Tennis : trois raisons de ne pas enterrer Rafael Nadal trop vite

De retour de blessure, l'Espagnol réalise un début de saison catastrophique. A un mois de Roland-Garros, Francetv info vous donne trois raisons de garder espoir en Rafael Nadal. 

Le tennisman Rafael Nadal lors de sa victoire contre Nicolas Almagro, le 22 avril 2015, à Barcelone. 
Le tennisman Rafael Nadal lors de sa victoire contre Nicolas Almagro, le 22 avril 2015, à Barcelone.  (MIQUEL LLOP / CITIZENSIDE / AFP)

"Méconnaissable" pour L'Équipe. "Un désastre", pour Eurosport. Au lendemain de la défaite de Rafael Nadal dès le troisième tour du tournoi de Barcelone, jeudi 23 avril, contre l'Italien Fabio Fognini (30ème mondial), la presse s'inquiète de l'état de forme du roi de la terre battue.

À un mois du tournoi de Roland-Garros, et après plusieurs défaites consécutives ces derniers mois, peu de voix se font entendre pour défendre le champion. Francetv info se fait l'avocat du diable, et vous donne trois raisons de douter de ces oiseaux de malheur.

Il va monter en puissance

Eloigné des terrains pendant plus de trois mois pour cause d'une blessure au poignet, Rafael Nadal a été victime d'une appendicite cet automne. Après son match contre Fognini, l'Espagnol a voulu rassurer sur son état de santé : "Mes problèmes physiques sont de l'histoire ancienne, je m'entraîne bien, je me sens bien".

"Il lui suffit de retrouver ses sensations pour que ça reparte", estime, confiant, Lionel Chamoulaud, journaliste sportif à France Télévisions. "À moins d'un tirage particulièrement malchanceux à Roland-Garros, il va monter en puissance", ajoute-t-il, convaincu que "Rafa" pourra revenir très vite à un haut niveau.

"Ce sera des matchs en cinq sets, sur la durée, il a le temps de se refaire plus facilement. Plus le tournoi sera lancé, meilleur il sera", complète Alain Solvès, adjoint à la Direction technique nationale de la Fédération française de tennis, interrogé par francetv info.

Il a l'expérience

Malgré ses récentes contre-performances, Rafael Nadal possède le record du nombre de victoires à Roland-Garros. Depuis 2005, il a atteint neuf fois sur dix la finale, en remportant à chaque fois le trophée. Autant dire qu'il n'est pas exactement un bleu. "A Roland-Garros, l'avantage c'est qu'il a le monopole et l'expérience, estime Alain Solvès. Il saura gérer l'évènement."
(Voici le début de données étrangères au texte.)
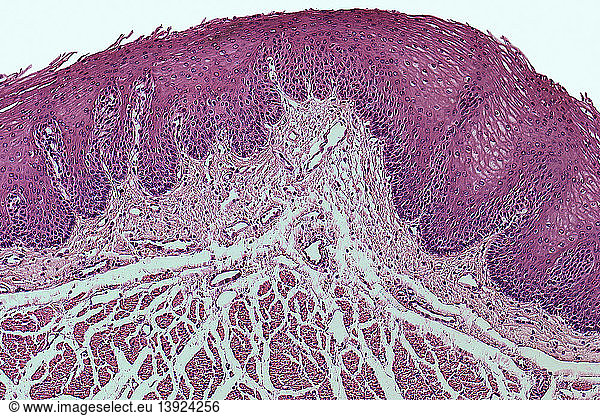 Stratified Squamous Epithelium Mucosa Stratified Squamous Epithelium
Et peu importe si l'Espagnol traverse actuellement une sérieuse période de doute. "C'est un type en or, il va gamberger et chercher des solutions. C'est un problème comme il les aime", estime Lionel Chamoulaud.

Il va s'habituer à sa nouvelle raquette

Les problèmes matériels, ça compte aussi. Depuis le début de sa saison sur terre battue, Rafael Nadal joue avec une nouvelle raquette, comme le soulignent nos confrères de francetv sport. Une raquette connectée, qu'il semble avoir encore du mal à la manipuler.

Car changer de raquette change également les sensations. "Je sens que je n'ai pas ma confiance habituelle : je ne sais pas, quand je vais frapper la balle, si je vais la mettre où je le souhaite", a-t-il expliqué après sa défaite contre Fognini. "Il n'arrive pas à comprendre pourquoi sa balle n'avance pas plus vite, pourquoi il n'arrive pas à faire mal comme avant aux autres. S'il lui manque trois grammes dans sa raquette, il peut le dire", décrit Lionel Chamoulaud. "Il doit retrouver l'équilibre de la raquette, ça prend un peu de temps", rassure Alain Solvès. 

Pour être fin prêt d'ici à Roland-Garros, "Rafa" a désormais un mois, quasi jour pour jour, pour corriger le tir.